Con cio', a ben vedere, viene persino meno la natura di tributi
propri derivati delle due principali imposte provinciali, che
presupporrebbe l'effettivo mantenimento in capo alle province ed alle
citta' metropolitane del relativo gettito. Lo Stato potra', cosi',
giovarsi delle risorse raccolte da province e citta' metropolitane
senza assumere in alcun modo la responsabilita' politica delle
corrispondenti decisioni impositive. Anche sotto questo profilo,
appare evidente la violazione dei principi di autonomia - e di
responsabilita' - finanziaria di cui all'art. 119 Cost.
Al riguardo, giova ricordare come questa Corte abbia dichiarato
l'illegittimita' costituzionale, per violazione dell'art. 119 Cost.,
commi primo e quarto, delle norme che «impongono alle regioni di
deliberare gli aumenti fiscali (...) in presenza di un persistente
accentramento statale del servizio» finanziato con tali risorse.
Norme di tal fatta ledono non solo «l'autonomia di entrata delle
stesse», ma anche «l'autonomia di spesa, poiche' obbligano le regioni
ad utilizzare le proprie entrate a favore di organismi statali (...),
per l'esercizio di compiti istituzionali di questi ultimi. (...)
Risulta violato altresi' il quarto comma dell'art. 119 Cost., sotto
il profilo del legame necessario tra le entrate delle regioni e le
finzioni delle stesse, poiche' lo Stato, pur trattenendo per se' le
funzioni (...), ne accolla i costi alle regioni stesse» (cosi' Corte
cost., 16 febbraio 2012, n. 22, punti 5.2 e 5.3 del considerato in
diritto).
La misura del contributo forzoso imposto dallo Stato e', poi,
tale da rischiare di condurre al dissesto anche gli enti piu'
virtuosi, o comunque da pregiudicare in modo grave il finanziamento
integrale delle funzioni fondamentali delle province e citta'
metropolitane, come confermate dall'art. 1, comma 85, della legge n.

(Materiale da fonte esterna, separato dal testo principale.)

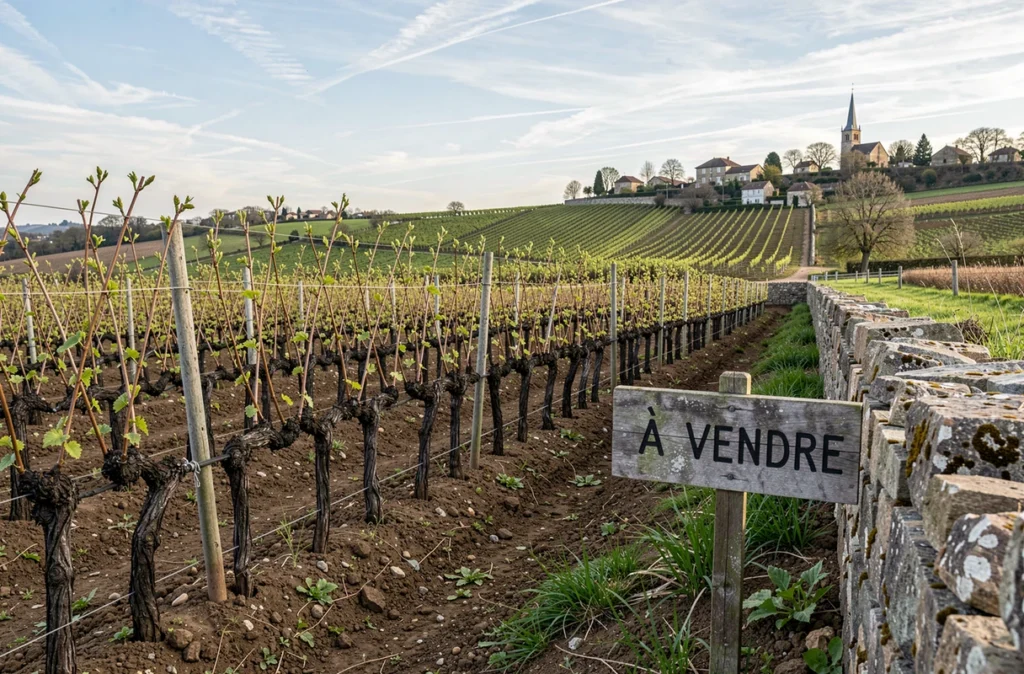 Panneau à vendre devant des rangées de vignes bordelaises au printemps, opportunité d'acquisition viticole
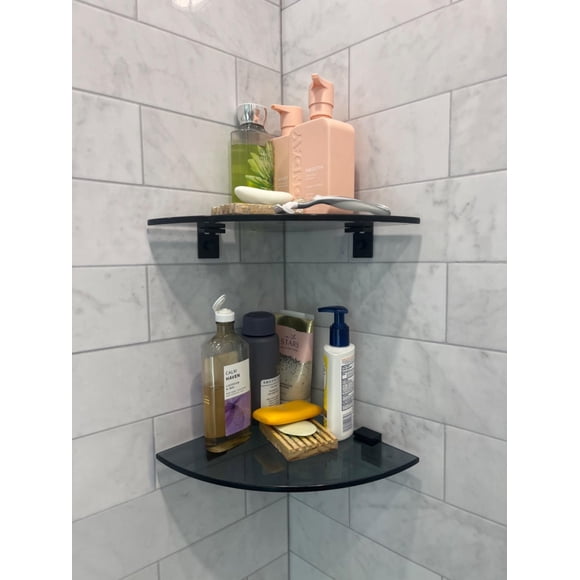 Soporte de cristal Bakzon para ducha, paquete de 2 unidades, aluminio negro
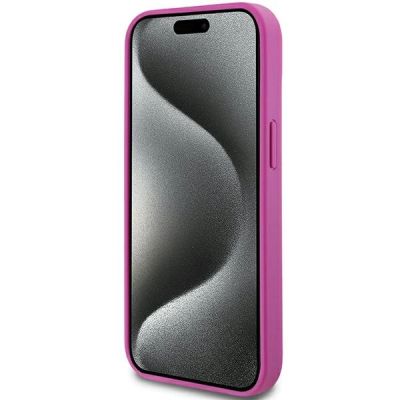 5. DKNY MagSafe-Hülle mit Ledermuster und Metalllogo für iPhone 15/14/13, Rosa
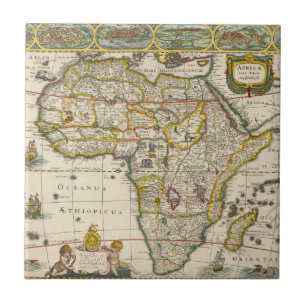 Azulejo Mapa Antiguo de África por Hondius y Jansson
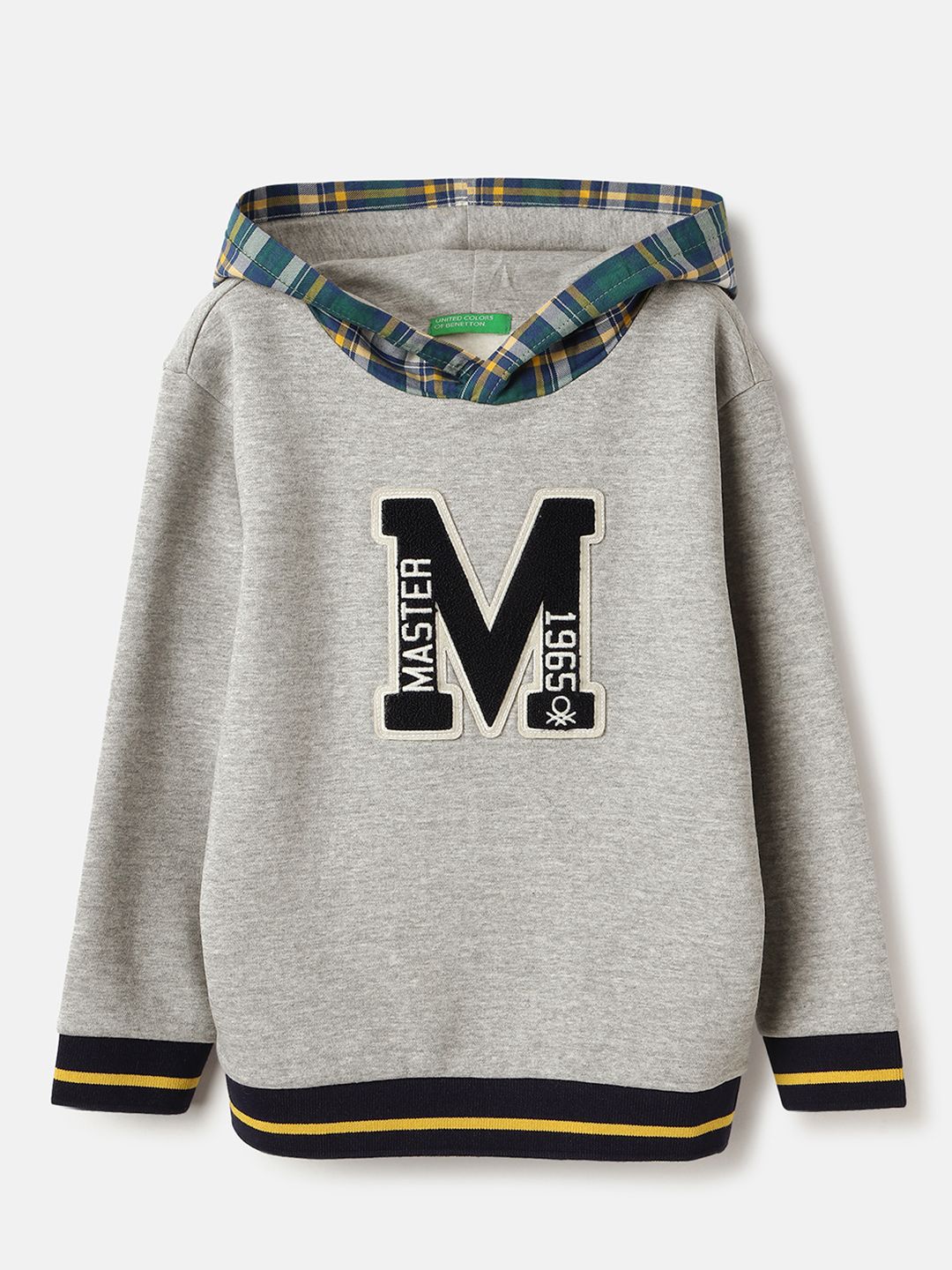 United Colors of Benetton Boys Self Design Long Sleeves Hooded Sweatshirt-picture-36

56/2014 (pianificazione territoriale provinciale di coordinamento,
tutela e valorizzazione dell'ambiente, pianificazione dei servizi di
trasporto in ambito provinciale, autorizzazione e controllo in
materia di trasporto privato, costruzione e gestione delle strade
provinciali e regolazione della circolazione stradale; programmazione
provinciale della rete scolastica; raccolta ed elaborazione di dati,
assistenza tecnico-amministrativa agli enti locali; gestione
dell'edilizia scolastica; controllo dei fenomeni discriminatori in
ambito occupazionale e promozione delle pari opportunita' sul
territorio provinciale).
Il contributo forzoso imposto dalla legge di stabilita' per il
2015 alle province venete causera', in particolare, un disequilibrio
grave nei saldi di parte corrente relativi alla spesa per funzioni
fondamentali, pari complessivamente a oltre 50 milioni di euro nel
2015, e ad oltre 120 milioni di euro nel 2016 (doc. 2, pp. 2-4). In
tutte le province venete il saldo di parte corrente diverra'
negativo, con punte nel 2016 di circa 18 milioni di euro (provincia
di Padova - doc. 2, p. 6), 34 milioni di euro (provincia di Treviso -
doc. 2, p. 8), 22 milioni di euro (provincia di Venezia - doc. 2, p.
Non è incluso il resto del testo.